─── Supplied material ───
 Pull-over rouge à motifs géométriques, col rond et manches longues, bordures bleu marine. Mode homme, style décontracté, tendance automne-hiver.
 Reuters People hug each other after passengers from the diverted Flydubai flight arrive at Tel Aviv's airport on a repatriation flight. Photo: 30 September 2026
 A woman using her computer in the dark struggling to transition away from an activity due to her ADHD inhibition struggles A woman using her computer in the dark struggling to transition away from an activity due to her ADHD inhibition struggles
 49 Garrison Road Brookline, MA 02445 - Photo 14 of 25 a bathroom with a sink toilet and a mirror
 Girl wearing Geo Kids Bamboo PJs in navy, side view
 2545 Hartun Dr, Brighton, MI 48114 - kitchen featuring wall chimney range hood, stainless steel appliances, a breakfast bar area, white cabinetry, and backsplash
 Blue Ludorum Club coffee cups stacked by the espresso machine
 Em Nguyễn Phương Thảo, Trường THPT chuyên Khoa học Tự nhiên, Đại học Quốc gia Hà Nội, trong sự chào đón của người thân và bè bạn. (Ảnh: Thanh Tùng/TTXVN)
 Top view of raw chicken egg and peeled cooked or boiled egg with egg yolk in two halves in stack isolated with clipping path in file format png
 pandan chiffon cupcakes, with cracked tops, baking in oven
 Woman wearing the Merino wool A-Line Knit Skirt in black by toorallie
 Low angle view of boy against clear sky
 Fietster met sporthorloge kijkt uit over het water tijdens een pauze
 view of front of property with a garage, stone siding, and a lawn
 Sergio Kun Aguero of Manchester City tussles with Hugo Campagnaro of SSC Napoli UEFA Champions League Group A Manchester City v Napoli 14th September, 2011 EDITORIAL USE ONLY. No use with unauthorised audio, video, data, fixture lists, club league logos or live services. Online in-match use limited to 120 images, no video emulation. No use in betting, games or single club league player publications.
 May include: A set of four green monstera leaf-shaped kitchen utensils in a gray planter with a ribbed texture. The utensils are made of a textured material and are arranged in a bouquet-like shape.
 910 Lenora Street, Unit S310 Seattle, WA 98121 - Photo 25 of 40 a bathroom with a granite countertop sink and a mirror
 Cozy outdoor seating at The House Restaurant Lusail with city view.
───
• Task to complete: Within the material above, the line with "Girl wearing Geo" opens the range and the line with "Em Nguyễn Phương" closes it; reproduce that range word for word.

• Solution:
 Girl wearing Geo Kids Bamboo PJs in navy, side view
 2545 Hartun Dr, Brighton, MI 48114 - kitchen featuring wall chimney range hood, stainless steel appliances, a breakfast bar area, white cabinetry, and backsplash
 Blue Ludorum Club coffee cups stacked by the espresso machine
 Em Nguyễn Phương Thảo, Trường THPT chuyên Khoa học Tự nhiên, Đại học Quốc gia Hà Nội, trong sự chào đón của người thân và bè bạn. (Ảnh: Thanh Tùng/TTXVN)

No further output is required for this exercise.